◆ WHAT THIS TASK INVOLVES ◆
An exact transcription is needed, beginning at the line with "Pomme de pin" and ending at the last line of the listing, with pictures left out and nothing else added.

◆ RECORDED INFORMATION ◆
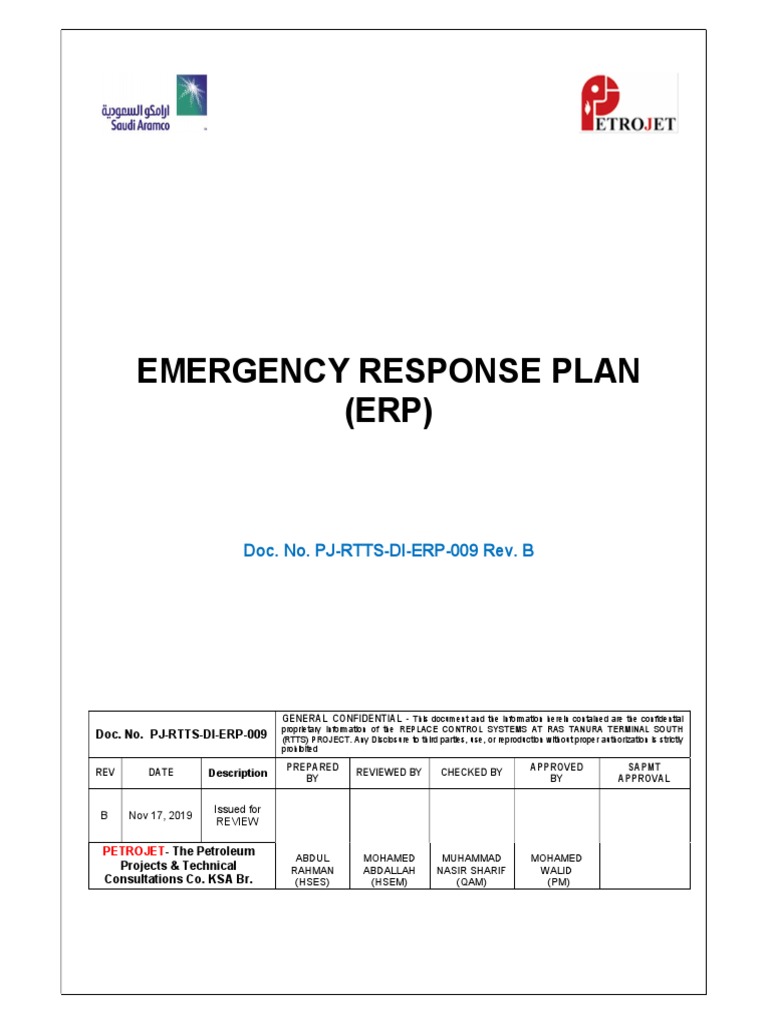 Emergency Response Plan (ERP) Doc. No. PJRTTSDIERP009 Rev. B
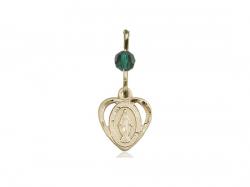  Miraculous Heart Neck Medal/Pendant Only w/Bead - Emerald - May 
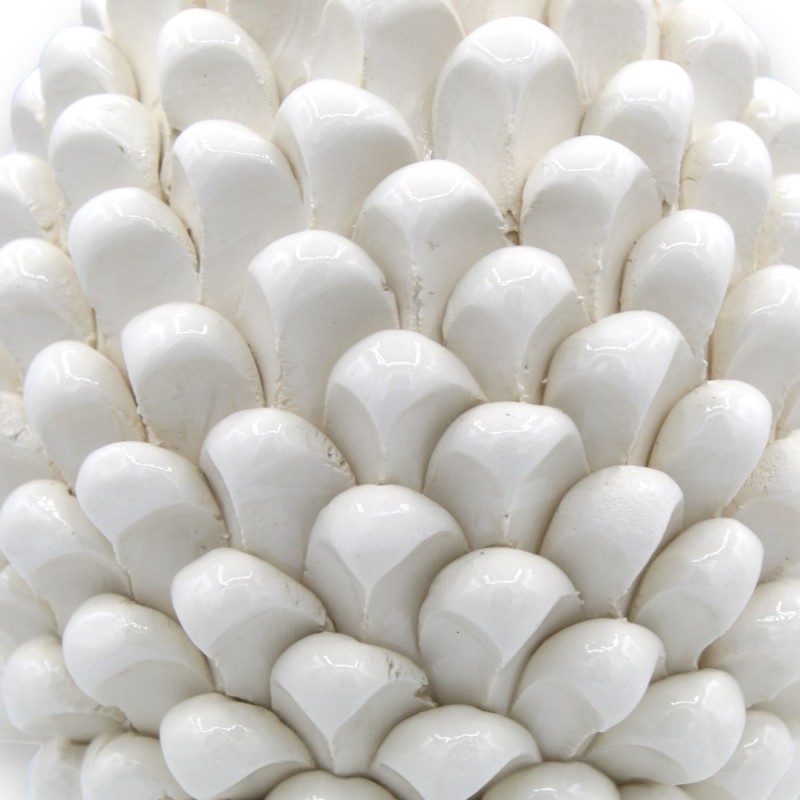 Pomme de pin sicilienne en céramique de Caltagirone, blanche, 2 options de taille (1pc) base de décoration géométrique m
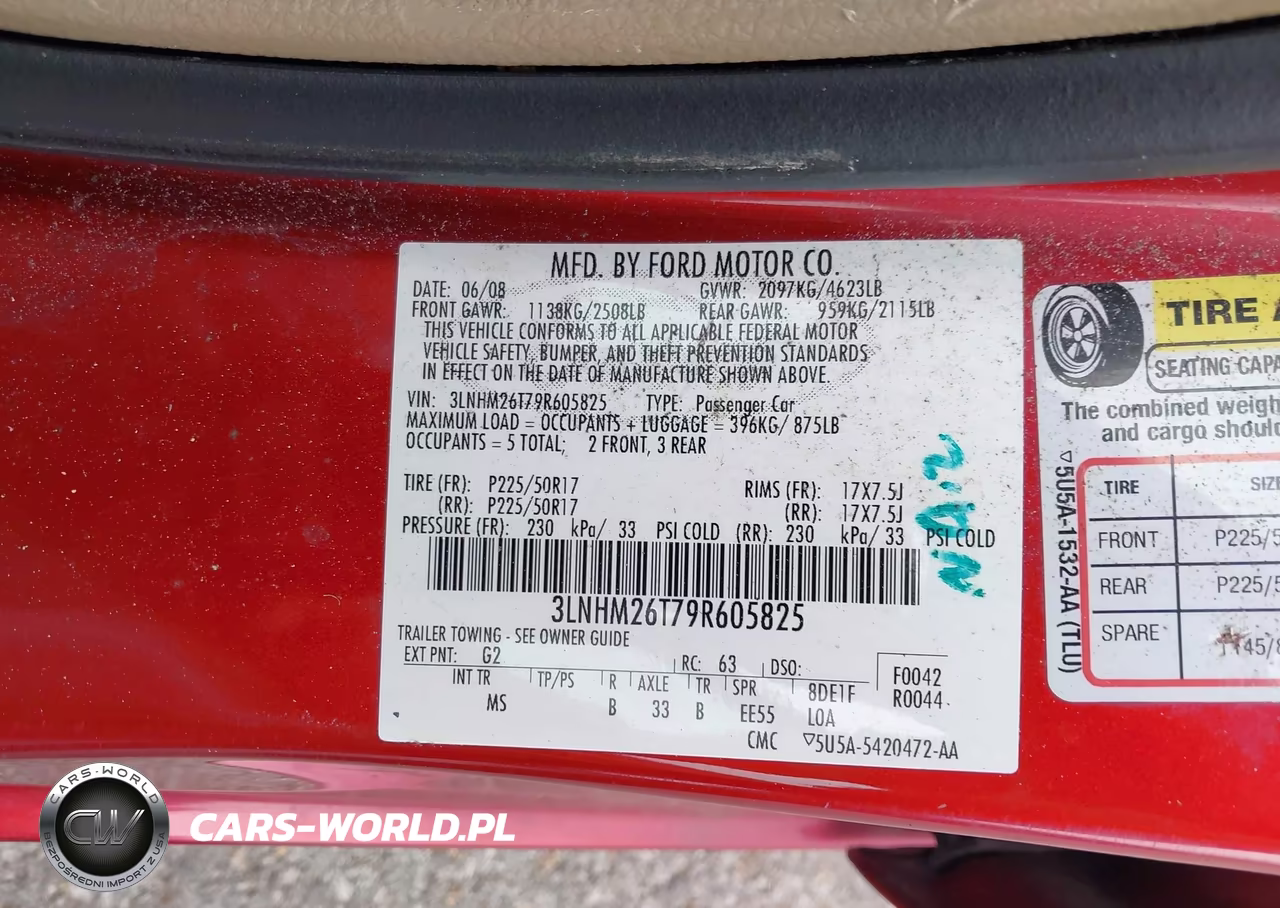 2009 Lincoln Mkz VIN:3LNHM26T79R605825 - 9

◆ SOLUTION TO THE EXERCISE ◆
 Pomme de pin sicilienne en céramique de Caltagirone, blanche, 2 options de taille (1pc) base de décoration géométrique m
 2009 Lincoln Mkz VIN:3LNHM26T79R605825 - 9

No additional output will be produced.